Let $D_N$ denote the Dirichlet kernel
$$D_N(\theta)=\sum_{n=-N}^Ne^{ik\theta}=\frac{\sin((N+\frac 1 2) \theta)}{\sin (\frac {\theta} 2)}$$ And define $$L_N=\frac 1 {2\pi}\int_{-\pi}^{\pi}|D_N(\theta)|d\theta$$ Prove that $L_N\geq c\log N$
Could you help me understand these 4 steps that I remarked below, they literally do not ring any bell to me..

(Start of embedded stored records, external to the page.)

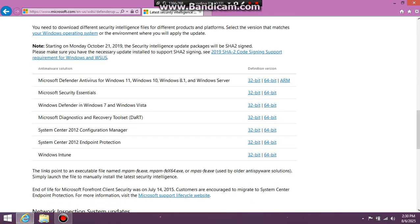This right here is the Anti-Malware Solution. So if you're on Windows 8 and April 1, download Microsoft Defender Antivirus for Windows 11, 10, 4, 1, and 7. If you're on Windows 7 doing this, go to download the Microsoft Security Essentials.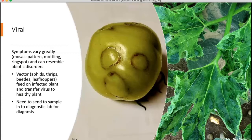Viral disease symptoms can vary greatly, from a mottled look to ring spots or mosaic patterns. Viruses are vectored from one plant to another, often by an insect such as an aphid, thrips, or beetles. There's no easy test for viruses — if you suspect a virus, you would need to send a sample to a diagnostic lab for confirmation. A great resource is your local CCE office; they can help with any kind of disease as well as insect identification.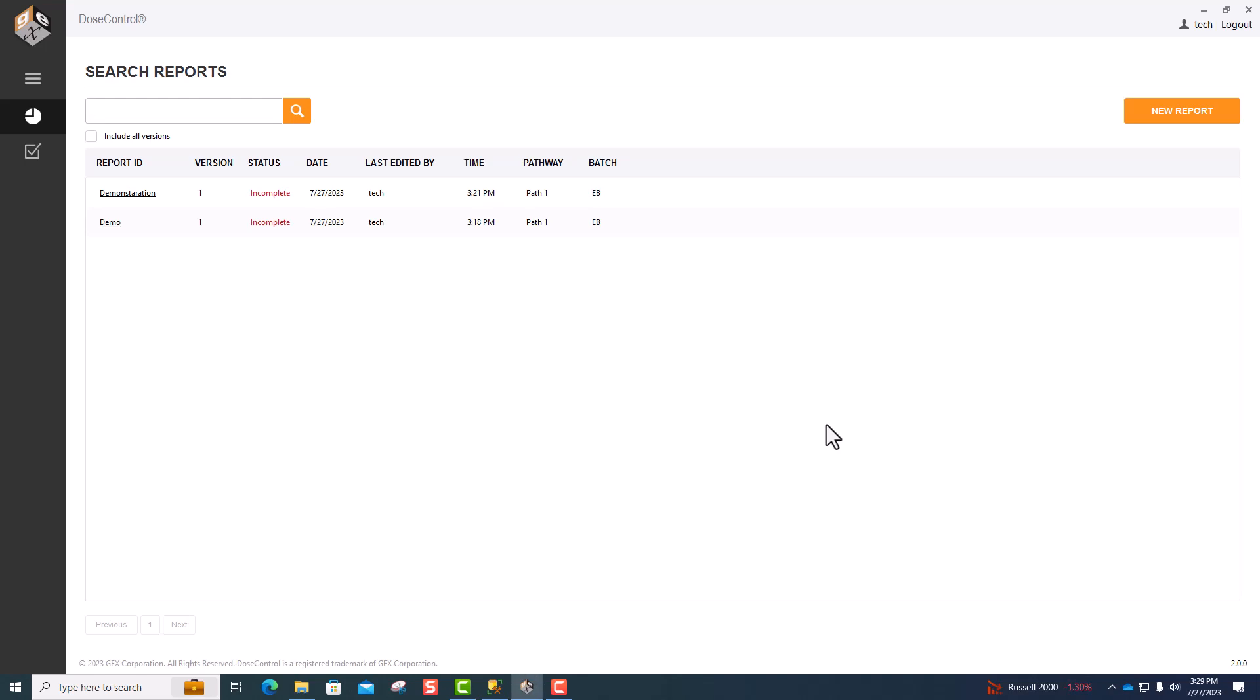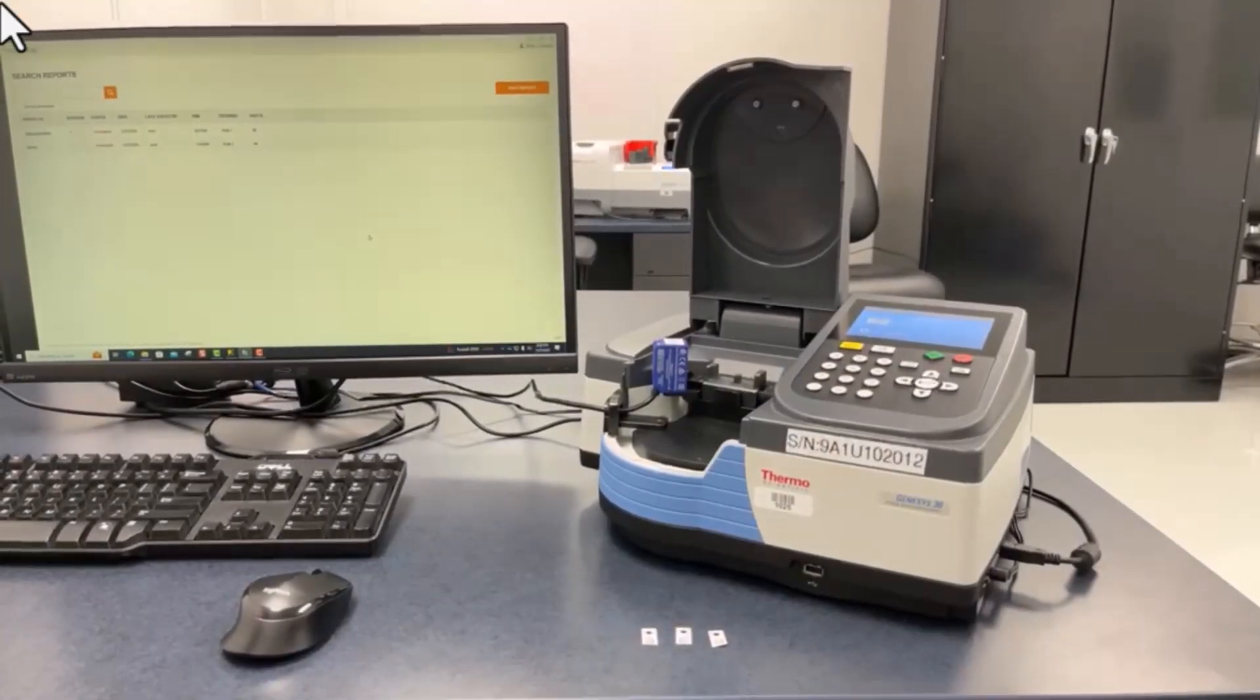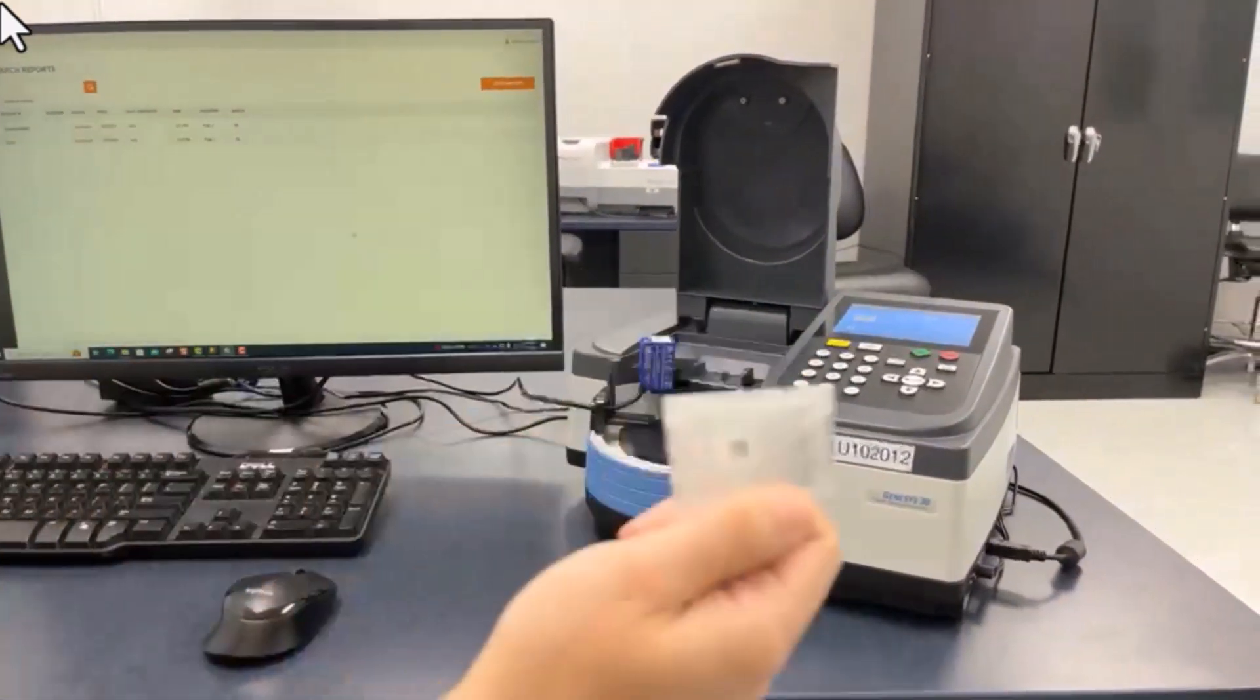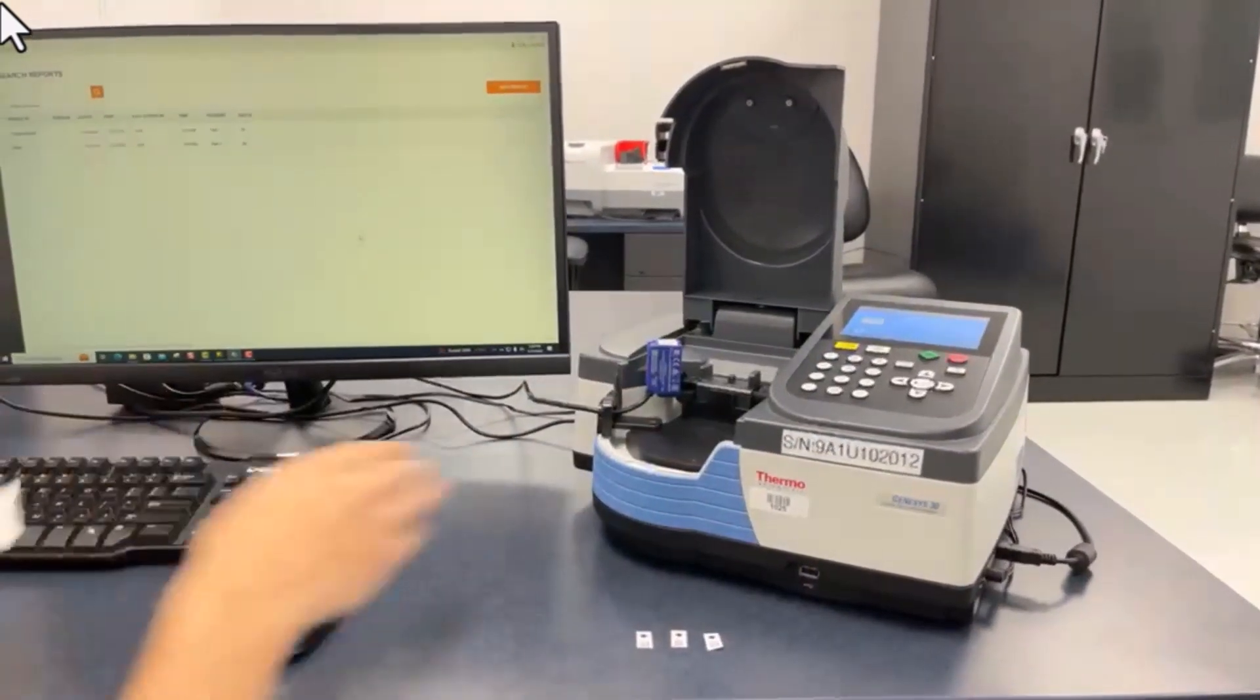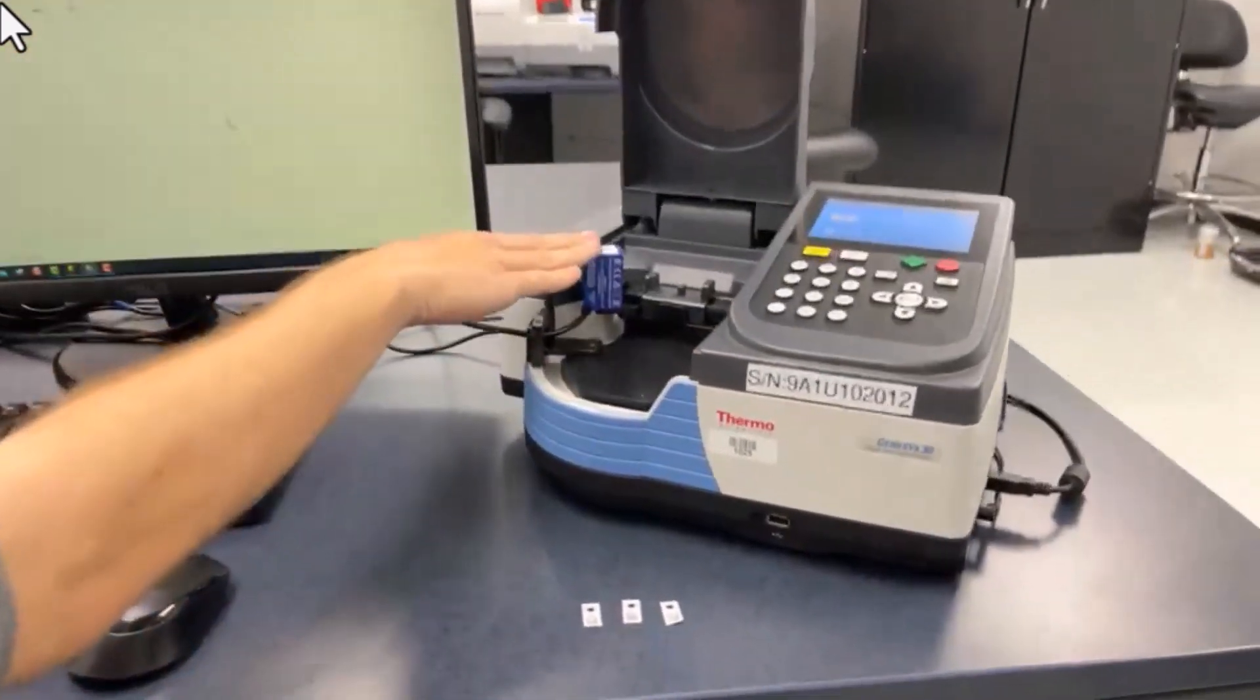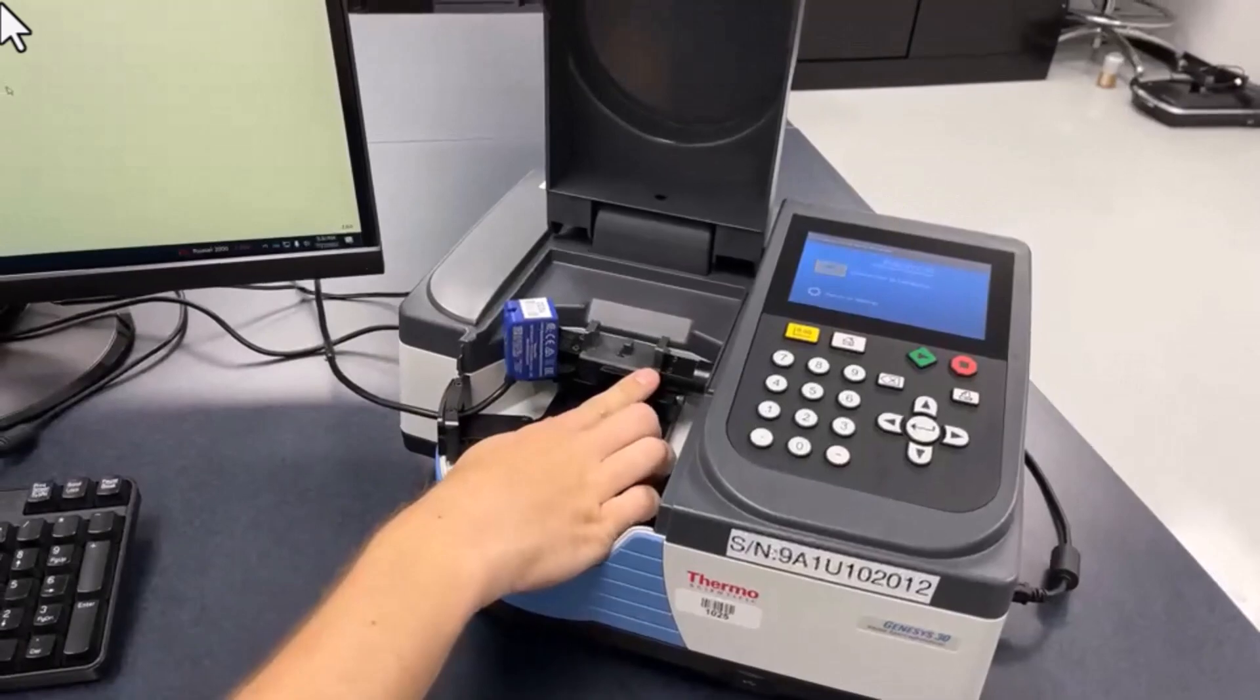Hello. Today we'll be going over how to measure the new GEX-GB3 dosimeter using the Genesis 30 spectrophotometer with an installed matrix barcode scanner and an installed GEX-GB3 dosimeter holder.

Since $\frac x {\sin x}\geq 1 $ for $x\in [-\frac {\pi}2,\frac {\pi}2]$, it follows that
$$|D_N(\theta)|\geq 2\frac {|{\sin((N+\frac 1 2) \theta})|}{\theta}$$
Then, $$\int_{-\pi}^{\pi}|D_N(\theta)|d\theta \\ \geq 4\int_0^{\pi}\frac {|{\sin((N+\frac 1 2) \theta})|}{\theta} d\theta $$ $$=4\int_0^{(N+\frac 1 2)\pi}\frac {|{\sin \theta}|}{\theta} d\theta \\
\geq 4\int_0^{N\pi}\frac {|{\sin \theta}|}{\theta} d\theta$$
$$=4\sum_{k=0}^{N-1}\int_{k\pi}^{(k+1)\pi}\frac {|{\sin \theta}|}{\theta} d\theta $$
$$\geq 4\sum_{k=0}^{N-1} \frac 1 {(k+1)\pi}\int_{k\pi}^{(k+1)\pi}{|{\sin \theta}|} d\theta \tag 1$$
$$=\frac 8 {\pi}\sum_{k=0}^{N-1} \frac 1 {(k+1)} \tag 2$$
$$=\frac 8 {\pi}\log(N+1) \tag 3\\ \geq \frac 8 {\pi}\log N \\ \therefore L_N\geq c\log N$$